• What to do:
Copy every line in the listing that contains "Sleeveless".

• Record set:
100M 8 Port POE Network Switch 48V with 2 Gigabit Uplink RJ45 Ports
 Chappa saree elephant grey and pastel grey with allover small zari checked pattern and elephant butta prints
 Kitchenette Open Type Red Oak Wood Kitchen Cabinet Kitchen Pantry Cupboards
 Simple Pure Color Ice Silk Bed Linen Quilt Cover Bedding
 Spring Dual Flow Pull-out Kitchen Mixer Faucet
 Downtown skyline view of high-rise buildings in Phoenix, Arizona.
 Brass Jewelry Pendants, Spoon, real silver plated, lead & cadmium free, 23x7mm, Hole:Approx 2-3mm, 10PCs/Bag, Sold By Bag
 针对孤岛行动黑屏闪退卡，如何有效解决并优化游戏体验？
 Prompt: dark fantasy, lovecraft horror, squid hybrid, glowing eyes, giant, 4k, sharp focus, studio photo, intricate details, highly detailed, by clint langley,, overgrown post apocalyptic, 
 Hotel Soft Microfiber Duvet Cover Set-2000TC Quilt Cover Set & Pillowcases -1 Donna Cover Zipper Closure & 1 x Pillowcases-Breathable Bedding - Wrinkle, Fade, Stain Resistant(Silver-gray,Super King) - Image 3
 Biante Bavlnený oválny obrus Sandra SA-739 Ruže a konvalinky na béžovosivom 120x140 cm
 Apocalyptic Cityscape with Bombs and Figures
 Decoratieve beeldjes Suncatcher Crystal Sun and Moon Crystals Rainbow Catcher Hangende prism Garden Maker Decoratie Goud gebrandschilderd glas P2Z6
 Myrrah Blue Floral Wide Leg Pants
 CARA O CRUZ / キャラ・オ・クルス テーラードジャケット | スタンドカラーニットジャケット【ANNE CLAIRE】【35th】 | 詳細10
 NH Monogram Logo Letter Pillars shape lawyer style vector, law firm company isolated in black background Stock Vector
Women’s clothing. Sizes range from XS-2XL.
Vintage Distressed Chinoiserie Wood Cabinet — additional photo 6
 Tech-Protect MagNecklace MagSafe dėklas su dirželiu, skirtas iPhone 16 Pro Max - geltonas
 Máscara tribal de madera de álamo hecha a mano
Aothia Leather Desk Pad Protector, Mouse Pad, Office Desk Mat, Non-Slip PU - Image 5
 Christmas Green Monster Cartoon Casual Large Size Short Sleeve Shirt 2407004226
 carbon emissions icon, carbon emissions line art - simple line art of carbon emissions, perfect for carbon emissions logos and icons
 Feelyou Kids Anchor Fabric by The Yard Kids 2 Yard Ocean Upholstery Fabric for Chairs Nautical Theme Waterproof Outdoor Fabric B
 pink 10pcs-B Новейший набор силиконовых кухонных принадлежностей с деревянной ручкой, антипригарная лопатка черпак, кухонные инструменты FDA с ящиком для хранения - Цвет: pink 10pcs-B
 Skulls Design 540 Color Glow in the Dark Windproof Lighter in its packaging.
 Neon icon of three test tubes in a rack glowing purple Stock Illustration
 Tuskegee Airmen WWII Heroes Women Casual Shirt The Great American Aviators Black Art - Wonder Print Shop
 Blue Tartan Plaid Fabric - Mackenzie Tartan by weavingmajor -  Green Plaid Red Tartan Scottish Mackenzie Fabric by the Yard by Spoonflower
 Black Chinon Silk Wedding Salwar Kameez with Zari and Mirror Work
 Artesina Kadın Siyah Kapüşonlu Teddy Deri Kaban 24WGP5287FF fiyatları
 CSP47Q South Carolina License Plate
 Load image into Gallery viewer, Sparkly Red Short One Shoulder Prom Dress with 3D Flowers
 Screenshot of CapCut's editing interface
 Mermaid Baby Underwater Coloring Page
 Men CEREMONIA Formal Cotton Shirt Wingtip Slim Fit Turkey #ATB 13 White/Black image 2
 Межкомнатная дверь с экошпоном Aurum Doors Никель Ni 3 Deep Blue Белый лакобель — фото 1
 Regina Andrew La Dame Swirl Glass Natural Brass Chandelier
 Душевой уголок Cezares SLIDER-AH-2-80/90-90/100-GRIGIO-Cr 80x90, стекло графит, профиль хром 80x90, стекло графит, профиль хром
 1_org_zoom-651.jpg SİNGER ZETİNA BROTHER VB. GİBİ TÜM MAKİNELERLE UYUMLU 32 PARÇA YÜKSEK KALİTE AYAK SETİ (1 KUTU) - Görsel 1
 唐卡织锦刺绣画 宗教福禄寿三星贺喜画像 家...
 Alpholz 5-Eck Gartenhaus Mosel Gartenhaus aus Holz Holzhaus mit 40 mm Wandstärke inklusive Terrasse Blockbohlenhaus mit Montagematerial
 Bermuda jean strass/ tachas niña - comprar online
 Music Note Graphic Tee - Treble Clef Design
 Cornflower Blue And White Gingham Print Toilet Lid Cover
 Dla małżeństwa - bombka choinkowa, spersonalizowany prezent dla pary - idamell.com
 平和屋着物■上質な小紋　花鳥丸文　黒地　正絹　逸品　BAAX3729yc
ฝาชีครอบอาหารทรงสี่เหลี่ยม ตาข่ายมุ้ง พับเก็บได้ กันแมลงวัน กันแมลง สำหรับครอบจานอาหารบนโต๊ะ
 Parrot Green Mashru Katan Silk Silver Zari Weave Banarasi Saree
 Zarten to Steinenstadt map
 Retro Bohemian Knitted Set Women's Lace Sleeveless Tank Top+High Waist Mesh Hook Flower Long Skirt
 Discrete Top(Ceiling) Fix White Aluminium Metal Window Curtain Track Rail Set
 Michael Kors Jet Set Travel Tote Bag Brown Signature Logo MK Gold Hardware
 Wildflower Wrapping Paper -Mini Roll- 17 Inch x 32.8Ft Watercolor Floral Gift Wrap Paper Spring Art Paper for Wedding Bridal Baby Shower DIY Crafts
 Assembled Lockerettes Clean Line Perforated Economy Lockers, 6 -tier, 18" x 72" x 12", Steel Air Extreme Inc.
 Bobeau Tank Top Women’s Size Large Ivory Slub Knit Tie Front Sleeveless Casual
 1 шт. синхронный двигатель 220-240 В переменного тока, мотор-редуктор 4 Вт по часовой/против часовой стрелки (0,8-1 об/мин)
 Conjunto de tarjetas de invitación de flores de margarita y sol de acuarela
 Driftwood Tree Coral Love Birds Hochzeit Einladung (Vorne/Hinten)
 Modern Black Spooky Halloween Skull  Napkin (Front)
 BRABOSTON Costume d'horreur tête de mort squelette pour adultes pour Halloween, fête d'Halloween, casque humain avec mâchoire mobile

• Result of this exercise:
 Retro Bohemian Knitted Set Women's Lace Sleeveless Tank Top+High Waist Mesh Hook Flower Long Skirt
 Bobeau Tank Top Women’s Size Large Ivory Slub Knit Tie Front Sleeveless Casual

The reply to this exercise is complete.